I tried to apply INT8bit quantization before FloatingPoint32bit Matrix Multiplication, then requantize accumulated INT32bit output to INT8bit. After all, I guess there's a couple of mix-ups somewhere in the process. I feel stuck in spotting those trouble spots.
data flow [Affine Quantization]:
input(fp32) -> quant(int8) ____\ matmul(int32) -> requant(int8) ->deq(fp32)
input(fp32) -> quant(int8) ----/
My Pseudo Code
INPUT(FP32) :
Embedded Words in Tensor (shape : [1, 4, 1024, 256]) A and B (B is the same as A)
input A(=B) : enter image description here
EXPECTING OUTPUT(FP32) :
Embedded Words in Tensor (shape : [1, 4, 1024, 1024]) AB(after matrix multiplication to itself)
do while(true):
# convert A and B of FP32 into INT8
A_zero_offset = torch.empty(A.shape)
A_zero_offset = torch.zeros_like(A_zero_offset) # offset to be zero **[Question1]**
scale = 255 / (torch.max(A) - torch.min(B)) # 2^8 - 1 = 255
A_quantized = np.round((A - A_zero_offset) * scale)
# likewise
B_quantized = A_quantized
AB = A_quantized.matmul(B_quantized.transpose(-1, -2))

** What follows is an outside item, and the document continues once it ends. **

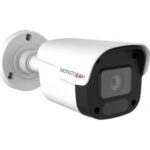 Monitorrs Security 6024 recenze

# now accumulated datatype is INT32
AB_offset = torch.empty(AB.shape)
AB_offset = AB_offset.new_full(AB.shape, torch.min(AB)) # offset to be AB's min element **[Question 1]**
scale_AB = 255 / (torch.max(AB) - torch.min(AB)) **[Question 2]**
AB_requantized = np.round((AB - AB_offset) * scale_AB)

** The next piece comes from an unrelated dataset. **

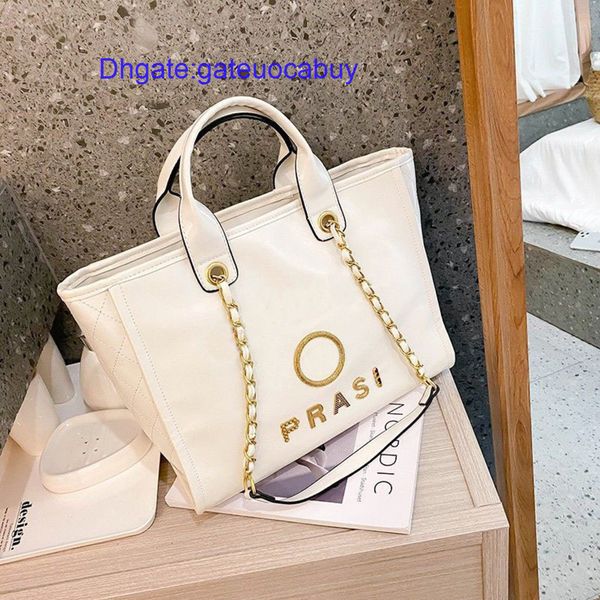 luxury women's classic handbags beach bags brand ch metal badge tote bag designer small mini evening handbag female capacity large leat, Black;red
luxury women's classic handbags beach bags brand ch metal badge tote bag designer small mini evening handbag female capacity large leat, Black;red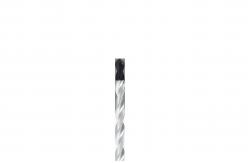 China WZ2 Composite Ceramic Pcd Micro Drill Polymerize Crystal Diamond High Hardness supplier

# dequantize AB(INT8 at the status quo) into FP32
**[Question 3]**
[Question 1] : does it make sense to set A's offset to be zero and AB's to be min(AB)?
[Question 2] : What operation should I follow with the scale calculation, "max(AB) - min(AB)" or any otherwise method?
[Question 3] : After all, what operation do I have to follow especially with the scale and offset calculation when to dequantize the result into FP32?